Project Torus — multi region availability kickoff
Infrastructure

Project Torus — multi region availability kickoff

David Virtser
David Virtser

We are growing and our customers are evolving. Over the last year we got more requests from enterprise customers for availability of their data in their closest region. This could be as a result of local regulations or specific business requirements.

This year we decided that it’s about time to put our focus on multi region availability efforts. Because we care about our customers and want to give them the best possible experience of monday.com in terms of latency and high availability.

How do you approach such a project?

What are the solution requirements? Where do we start? How should we do it? We had more questions then answers at first stage as it’s a huge project which affects literally everyone in the company. We first need to find answers to these questions to better scope the project.

Business aspects

We must understand what our clients need to better define the project requirements. Are they looking for their data to be persistent in their local region? Or maybe they care more about latency to our service and they don’t care where their data resists? Which region (in Europe or Australia for example) should be opened first? It could be a strategic decision as well.

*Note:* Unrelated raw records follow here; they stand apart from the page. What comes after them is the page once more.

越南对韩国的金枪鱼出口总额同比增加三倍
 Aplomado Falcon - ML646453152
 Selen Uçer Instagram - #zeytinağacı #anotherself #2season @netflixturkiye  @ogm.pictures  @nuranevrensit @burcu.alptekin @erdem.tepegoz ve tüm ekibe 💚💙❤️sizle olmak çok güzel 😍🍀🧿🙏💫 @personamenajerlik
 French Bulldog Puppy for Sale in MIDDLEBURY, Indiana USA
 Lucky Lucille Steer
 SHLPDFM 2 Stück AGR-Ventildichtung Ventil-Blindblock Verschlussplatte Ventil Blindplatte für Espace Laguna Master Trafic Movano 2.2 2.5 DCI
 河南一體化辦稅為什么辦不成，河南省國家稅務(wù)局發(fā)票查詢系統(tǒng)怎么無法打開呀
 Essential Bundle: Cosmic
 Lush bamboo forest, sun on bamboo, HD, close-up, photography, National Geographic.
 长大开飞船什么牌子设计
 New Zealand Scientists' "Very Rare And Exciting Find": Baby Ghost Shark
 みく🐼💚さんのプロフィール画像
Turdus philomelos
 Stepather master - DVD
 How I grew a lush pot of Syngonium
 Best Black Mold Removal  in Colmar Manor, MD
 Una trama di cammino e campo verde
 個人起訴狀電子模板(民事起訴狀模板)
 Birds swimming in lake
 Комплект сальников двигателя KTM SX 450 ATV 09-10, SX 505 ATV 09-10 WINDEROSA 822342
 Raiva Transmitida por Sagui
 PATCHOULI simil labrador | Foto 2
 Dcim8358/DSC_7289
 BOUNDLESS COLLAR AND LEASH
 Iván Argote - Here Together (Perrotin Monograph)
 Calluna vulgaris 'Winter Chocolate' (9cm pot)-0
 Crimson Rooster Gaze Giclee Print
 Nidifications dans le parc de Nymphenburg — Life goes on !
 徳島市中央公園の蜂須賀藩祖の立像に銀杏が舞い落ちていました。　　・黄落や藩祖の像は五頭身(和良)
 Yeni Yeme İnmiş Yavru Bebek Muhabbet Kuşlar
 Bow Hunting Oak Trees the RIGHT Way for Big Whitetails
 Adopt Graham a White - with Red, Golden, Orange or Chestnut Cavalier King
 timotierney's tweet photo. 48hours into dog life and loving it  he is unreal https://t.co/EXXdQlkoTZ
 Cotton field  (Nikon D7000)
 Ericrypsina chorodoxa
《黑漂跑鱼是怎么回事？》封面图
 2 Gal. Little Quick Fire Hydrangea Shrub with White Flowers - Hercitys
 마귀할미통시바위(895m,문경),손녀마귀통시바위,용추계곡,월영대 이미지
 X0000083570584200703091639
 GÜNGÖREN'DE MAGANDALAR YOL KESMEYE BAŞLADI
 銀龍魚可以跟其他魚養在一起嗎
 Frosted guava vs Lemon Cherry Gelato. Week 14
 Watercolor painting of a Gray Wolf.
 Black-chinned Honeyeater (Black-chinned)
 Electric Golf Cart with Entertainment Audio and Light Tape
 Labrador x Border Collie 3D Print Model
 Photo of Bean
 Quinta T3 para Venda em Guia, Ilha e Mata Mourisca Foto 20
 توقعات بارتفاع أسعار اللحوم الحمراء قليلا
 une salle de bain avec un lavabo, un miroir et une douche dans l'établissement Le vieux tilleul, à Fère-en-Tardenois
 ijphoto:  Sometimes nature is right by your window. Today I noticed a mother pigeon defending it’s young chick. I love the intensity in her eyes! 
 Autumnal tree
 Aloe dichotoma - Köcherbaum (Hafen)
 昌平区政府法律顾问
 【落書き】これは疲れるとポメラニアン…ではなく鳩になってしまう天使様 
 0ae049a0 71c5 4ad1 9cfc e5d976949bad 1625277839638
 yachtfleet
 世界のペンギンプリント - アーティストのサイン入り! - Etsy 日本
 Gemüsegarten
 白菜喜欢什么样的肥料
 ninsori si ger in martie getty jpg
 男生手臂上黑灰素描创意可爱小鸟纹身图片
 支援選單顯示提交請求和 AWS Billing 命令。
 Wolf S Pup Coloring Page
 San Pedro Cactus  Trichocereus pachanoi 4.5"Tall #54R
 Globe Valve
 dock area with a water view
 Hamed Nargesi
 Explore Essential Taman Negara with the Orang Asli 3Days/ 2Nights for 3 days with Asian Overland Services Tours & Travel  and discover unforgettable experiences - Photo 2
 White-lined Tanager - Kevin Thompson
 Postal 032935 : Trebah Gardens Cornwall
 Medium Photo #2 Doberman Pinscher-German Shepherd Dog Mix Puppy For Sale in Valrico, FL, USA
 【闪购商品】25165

In order to get answers to these questions and define our requirements, we want to analyze our historic data of failed deals and understand better what where customer requests.

Product aspects

After we know what the basic requirements are, we need to understand how we change our product to support multiple regions.

Possible options:

  1. Account is created and working against region X. All data resists in that region and all communication is within that region. Implication: if users travel they might suffer from increased latency to monday.com services.
  2. Users are routed to the closest region by their geo location (IP). Implication: The data persistence requirement will not be met.

Do we provide multi region support for all types of accounts or is it relevant for enterprise accounts only?

What if an account wants to migrate from region X to Y? Do we need to support that use case from day one?

How do we onboard a new account, is it to a fixed region we decide or by their closest location?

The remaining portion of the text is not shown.